Полковник Кошкарт встал и принялся в тяжкой тоске бродить по комнате. Его угнетала непостижимость происходящего. Голый человек в строю, безрадостно размышлял он, застрял у него в горле, как зазубренная кость. То же самое следовало сказать про таинственно переместившуюся на карте линию фронта перед бомбардировкой Болоньи и семидневную проволочку с уничтожением моста у Феррары, хотя уничтоженный в конце концов мост, бодро припомнил полковник Кошкарт, обернулся для него благодатным даром судьбы, несмотря на то что потерянный тогда при втором заходе самолет приходилось признать торчащей у него в горле костью, чего нельзя было сказать про медаль, полученную по его представлению бомбардиром, который повел свое звено на второй заход, — медаль, данная бомбардиру его полка, была для полковника Кошкарта благотворным даром судьбы, в отличие от самого бомбардира, навеки застрявшего у него в горле, словно пакостная кость, поскольку из-за второго захода был сбит самолет. И звался этот бомбардир, как вдруг с ужасом вспомнил полковник Кошкарт, тоже Йоссарианом! Так, значит, их было трое? Его глянцевитые глаза изумленно выпучились, и он судорожно оглянулся — мало ли что могло твориться у него за спиной! Всего час назад в его жизни не было ни одного Йоссариана, а теперь они начали выскакивать один за другим, будто черти из табакерки. Он попытался успокоиться. Ему пришло в голову, что Йоссариан — редкое имя, поэтому, возможно, не существовало трех Йоссарианов, а было только два Йоссариана или даже всего один Йоссариан…
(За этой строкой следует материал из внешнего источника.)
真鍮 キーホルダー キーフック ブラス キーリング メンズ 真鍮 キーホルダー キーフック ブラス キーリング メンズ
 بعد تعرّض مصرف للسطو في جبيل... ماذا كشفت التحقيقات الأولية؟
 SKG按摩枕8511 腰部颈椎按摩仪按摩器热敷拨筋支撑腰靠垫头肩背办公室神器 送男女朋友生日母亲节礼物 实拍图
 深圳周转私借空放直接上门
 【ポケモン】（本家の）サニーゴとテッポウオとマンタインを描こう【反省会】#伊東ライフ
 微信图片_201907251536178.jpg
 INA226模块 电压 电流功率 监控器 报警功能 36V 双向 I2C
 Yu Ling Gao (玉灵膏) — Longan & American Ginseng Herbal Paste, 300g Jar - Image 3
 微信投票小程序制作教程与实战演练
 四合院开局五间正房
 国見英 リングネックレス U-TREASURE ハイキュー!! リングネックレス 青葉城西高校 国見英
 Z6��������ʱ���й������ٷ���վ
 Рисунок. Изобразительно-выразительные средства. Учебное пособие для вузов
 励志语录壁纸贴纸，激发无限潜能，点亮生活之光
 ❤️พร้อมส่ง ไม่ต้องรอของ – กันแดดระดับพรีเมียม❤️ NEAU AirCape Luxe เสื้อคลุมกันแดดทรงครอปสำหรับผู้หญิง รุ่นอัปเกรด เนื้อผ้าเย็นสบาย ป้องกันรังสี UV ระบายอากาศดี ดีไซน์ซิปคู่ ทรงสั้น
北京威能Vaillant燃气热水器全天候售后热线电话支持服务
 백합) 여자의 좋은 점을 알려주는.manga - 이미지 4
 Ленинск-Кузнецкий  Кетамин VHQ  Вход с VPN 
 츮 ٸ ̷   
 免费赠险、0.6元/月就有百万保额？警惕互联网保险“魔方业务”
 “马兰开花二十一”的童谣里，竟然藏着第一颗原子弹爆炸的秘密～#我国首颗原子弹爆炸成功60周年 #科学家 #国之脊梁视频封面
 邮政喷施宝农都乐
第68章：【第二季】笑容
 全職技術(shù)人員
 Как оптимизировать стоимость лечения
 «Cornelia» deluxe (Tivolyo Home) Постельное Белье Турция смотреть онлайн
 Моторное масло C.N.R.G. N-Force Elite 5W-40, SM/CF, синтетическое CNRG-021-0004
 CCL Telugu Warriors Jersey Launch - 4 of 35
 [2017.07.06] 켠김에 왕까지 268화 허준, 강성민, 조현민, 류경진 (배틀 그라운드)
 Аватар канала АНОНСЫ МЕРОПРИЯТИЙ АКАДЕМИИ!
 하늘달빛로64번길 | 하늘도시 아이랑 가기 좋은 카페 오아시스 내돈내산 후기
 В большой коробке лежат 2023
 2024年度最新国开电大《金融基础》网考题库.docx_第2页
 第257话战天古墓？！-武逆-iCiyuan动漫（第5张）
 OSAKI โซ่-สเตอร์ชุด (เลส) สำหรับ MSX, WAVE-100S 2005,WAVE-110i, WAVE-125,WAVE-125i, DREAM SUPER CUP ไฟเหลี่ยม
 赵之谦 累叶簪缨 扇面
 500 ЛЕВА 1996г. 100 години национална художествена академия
Полковник Кошкарт не был суеверен, однако своим предчувствиям, как правило, доверял; он сел за стол и кратко закодировал в памятном блокноте мучающие его сомнения, чтобы посмотреть на подозрительную историю с Йоссарианами непредвзятым взглядом. Он сделал запись твердой, решительной рукой, отметив некоторые подробности понятными только ему знаками препинания и дважды подчеркнув зашифрованное сообщение самому себе прямой чертой:
ЙОССАРИАН!!!(?)!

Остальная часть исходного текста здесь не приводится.